(Data extract begins)

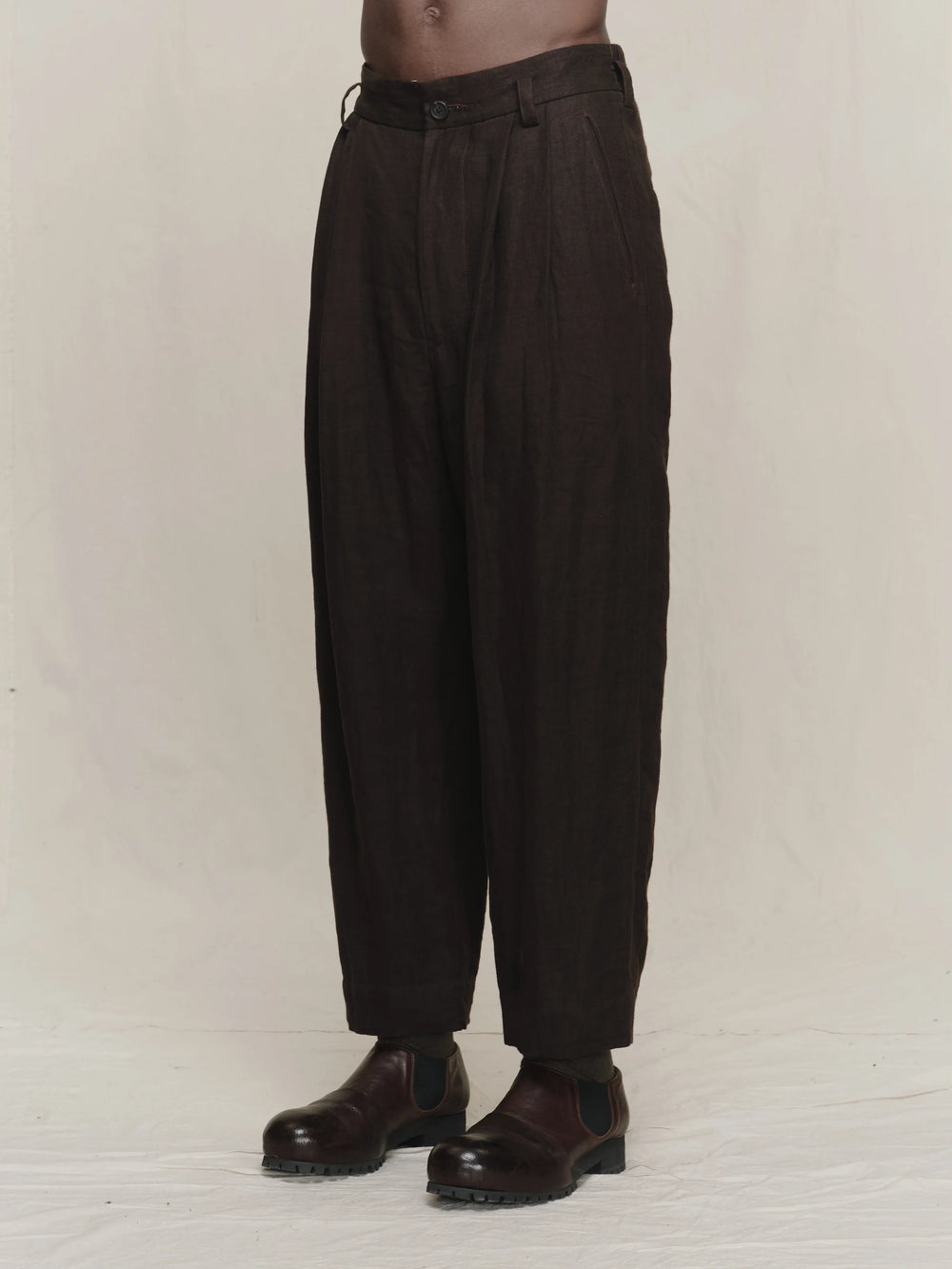 Drop Crotched Tapered Trousers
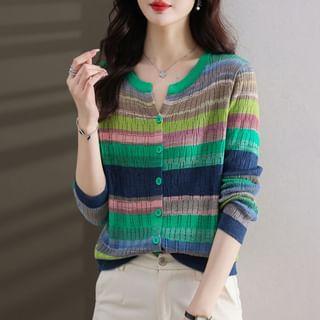 Notch Neck Striped Cardigan Product Image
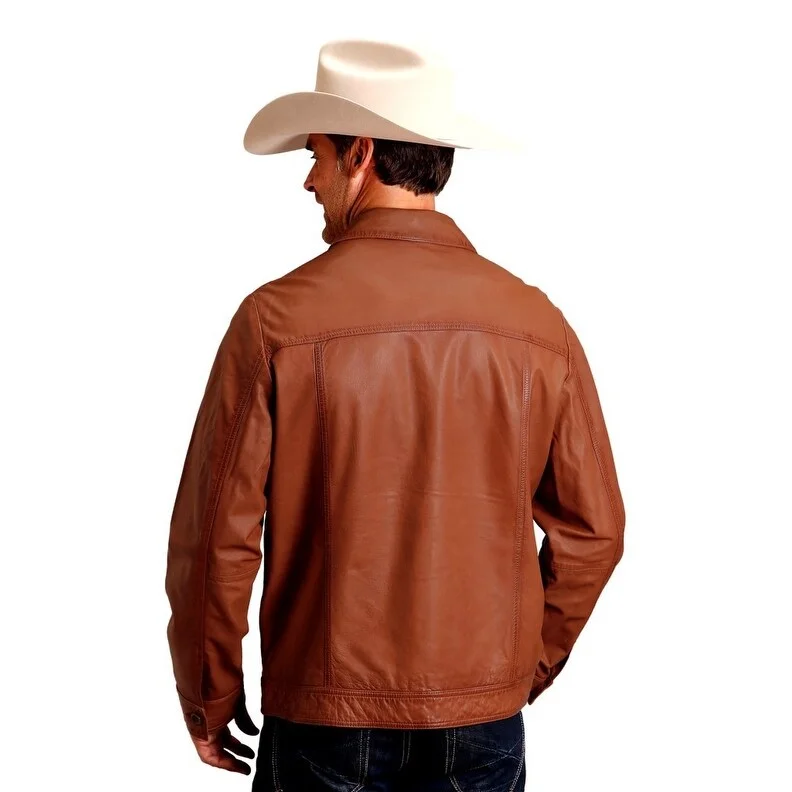 Men's machine-made jackets-Stetson Western Jacket Mens Smooth Jean Style 11-097-0539-6637 BR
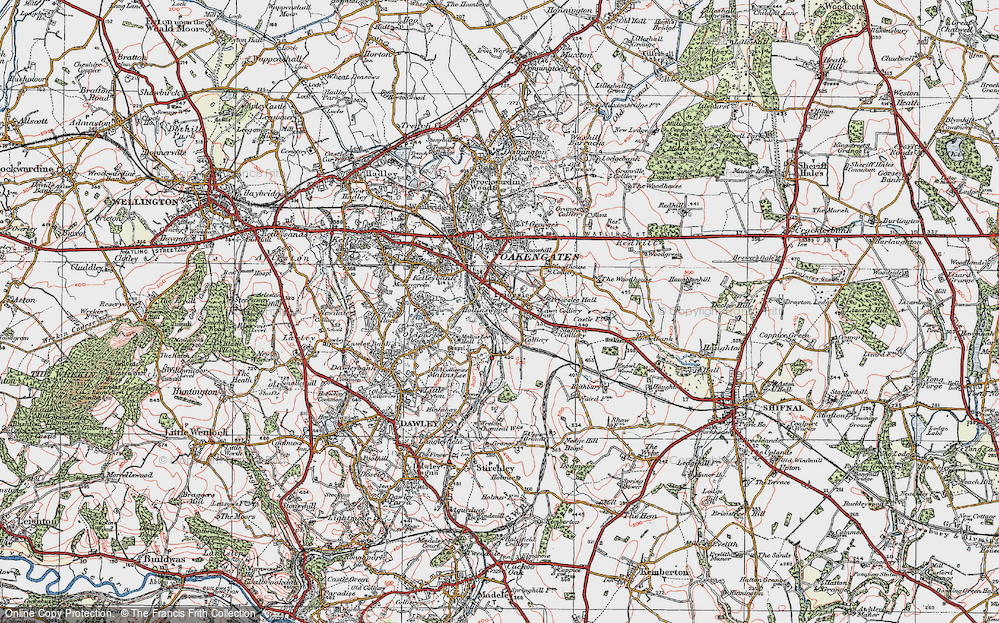 Old Map of Hollinswood, 1921 in 1921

(Data extract ends)

▸ Activity: Set down, in exact form, only the lines that start at the one containing "Men's machine-made jackets-Stetson" and finish at the last line of the material; pictures do not go in.

▸ Exercise result:
 Men's machine-made jackets-Stetson Western Jacket Mens Smooth Jean Style 11-097-0539-6637 BR
 Old Map of Hollinswood, 1921 in 1921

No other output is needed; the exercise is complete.